In a recent case a subcontractor thought that it was insulated from liability for any costs suffered by a general contractor beyond the bare, direct cost of correcting any defects with the subcontractor's work. It was not.
Construction owners often find themselves on the other side of the same coin . . . they are held liable for damages suffered by a contractor that don't seem at all related to the owner's project.
Could this happen to you?
What we are talking about here is something called "consequential damages" — not a direct cost over-run on a job-gone-wrong — but a cost that is a down-the-road, off-the-job consequence of that job having gone wrong.
Whether an owner or a contractor can recover its consequential damages is a function of the factual tie between the action that caused the job to go wrong and the consequential damages suffered and the precise wording of the written agreement between the owner and the contractor.
In the recent case referenced above, Dynamic Air, Inc. v.

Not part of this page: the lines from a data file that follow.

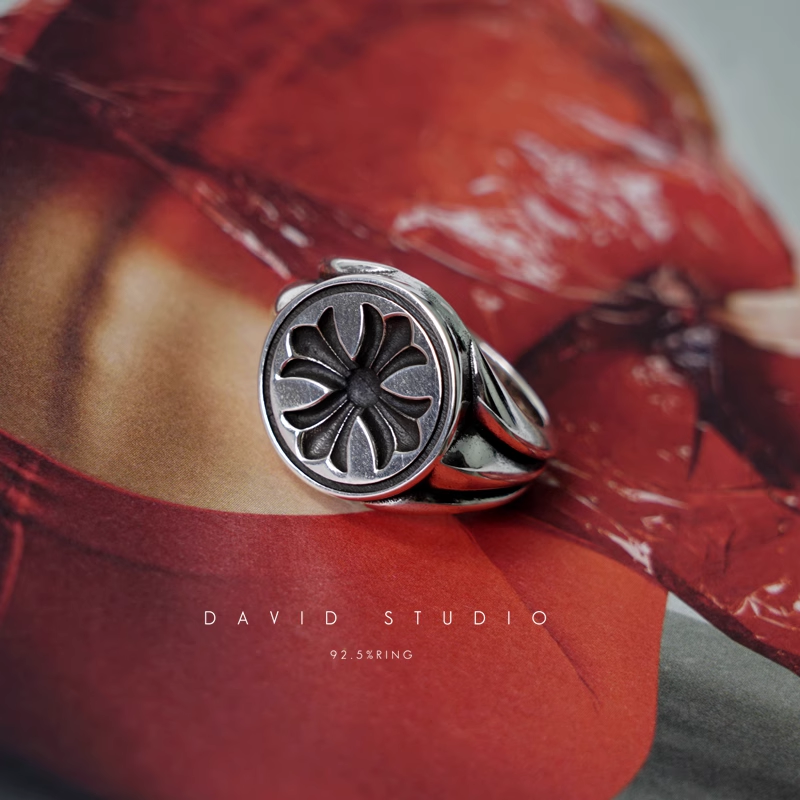 CH PLUS CONCAVE SIGNET RING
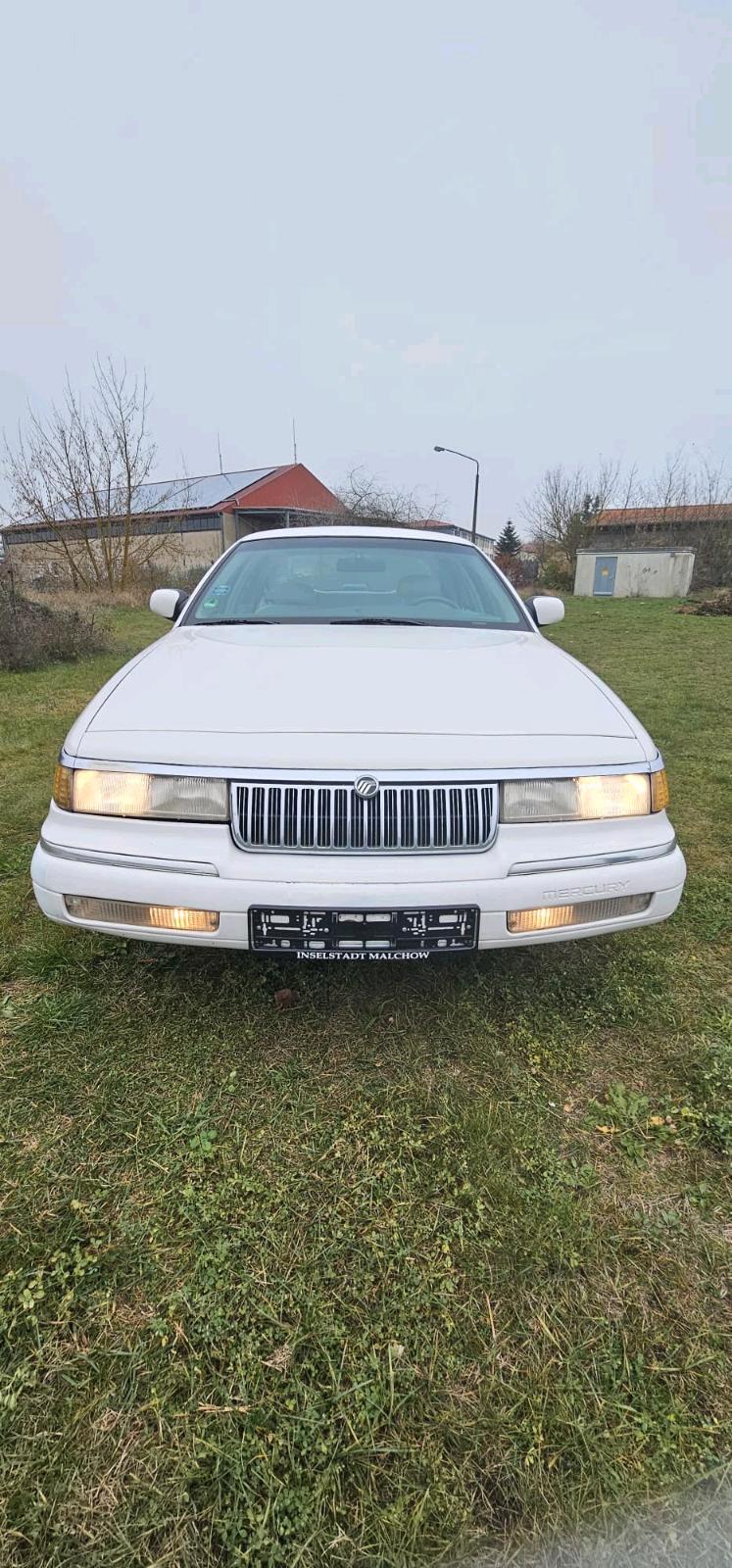 Abbildung des Autos Mercury Grand Marquis  H…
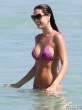 julia-pereira-pink-bikini-miami-19-435x580.jpg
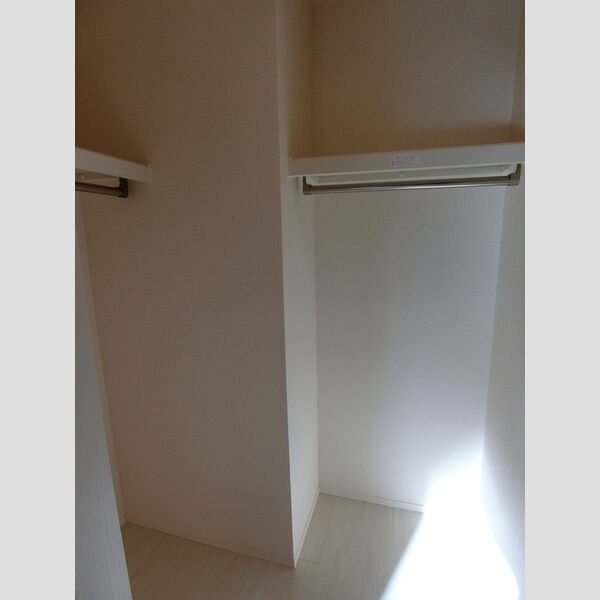 ハイアット湘南101号室 101号室　収納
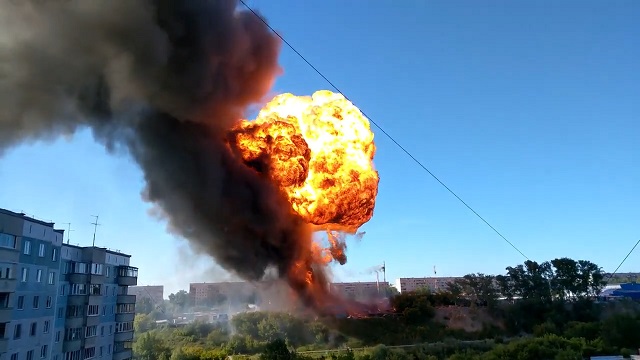 [動画5:18] ガソリンスタンド大爆発・・・！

Downey, Inc., 2006 U.S. Dist. Lexis 54766, Dynamic Air, a subcontractor, thought that it was protected from all consequential damages that might be incurred by the general contractor and owner as a result of any defective performance on its part. It relied upon restrictive language barring recovery of consequential damages in a contract warranty provision.
In this particular instance, the project general contractor alleged that the warranty provision took effect only after the work was completed; but that the general contractor and owner suffered consequential damages before completion of the project. The judge reviewing a motion by Dynamic Air to throw out the general contractor's law suit, agreed that the language barring all consequential damages, restrictive as it was, only applied after work was completed, and ruled for the general contractor and against the subcontractor as to consequential damages incurred before contract completion.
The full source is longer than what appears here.